El gasto social, ese destinado a pensiones, salud y otras políticas sociales, apunta a las necesidades más urgentes de las personas y las protege ante eventos adversos. Por varios motivos, este tipo de gasto tiende a crecer en los países. En la OCDE, desde principios de los 80, el gasto social como fracción del PIB creció del orden del 50%. Detrás de este crecimiento hay varias cosas pasando: una población que envejece rápido, un pueblo que demanda cada vez más de la democracia y políticos generosos, especialmente con lo que, por ser de todos, parece también ser de nadie.
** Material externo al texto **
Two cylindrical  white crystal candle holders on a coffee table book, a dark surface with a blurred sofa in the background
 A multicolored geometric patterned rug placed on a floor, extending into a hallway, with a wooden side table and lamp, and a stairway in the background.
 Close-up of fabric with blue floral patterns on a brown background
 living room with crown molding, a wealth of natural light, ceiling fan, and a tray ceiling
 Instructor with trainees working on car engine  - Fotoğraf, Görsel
Este enorme aumento del gasto social no ha ido de la mano de un aumento equivalente en la recaudación vía impuestos. Según datos del FMI, desde 1990 han primado las reformas tributarias que más bien bajan los impuestos. Como no es posible para los Estados hacer mucho más y todo igual de bien sin contar con más recursos, ello ha significado estrujar los pesos gastados en lo que no es gasto social, dañando la calidad de los servicios públicos y las burocracias. Ese es el diagnóstico de The Economist para los países desarrollados, cuyos Estados, en sus palabras, “son más grandes que nunca y también más inútiles”.
Algo no muy distinto ocurre en Chile. Según un trabajo en desarrollo de Osvaldo Larrañaga, de la Escuela de Gobierno UC, el gasto social como fracción del PIB más que se duplicó entre 1990 y 2023, aumentando su representación en el gasto público total desde el 36,5% al 60%. El estudio muestra que ello ha significado un potente impacto redistributivo, lo cual hay que celebrar. Pero también que el crecimiento del gasto social se ha desacoplado progresivamente del crecimiento del PIB, el cual está estancado. Y, mientras el régimen de política social ha transitado hacia asignaciones cada vez menos focalizadas, los chilenos tampoco parecen dispuestos a pagar más impuestos: según el último informe del PNUD, menos del 40% aceptaría hacerlo para reducir la desigualdad de ingresos o mejorar los servicios básicos, y ello ocurre incluso entre quienes ven esos objetivos como deseables.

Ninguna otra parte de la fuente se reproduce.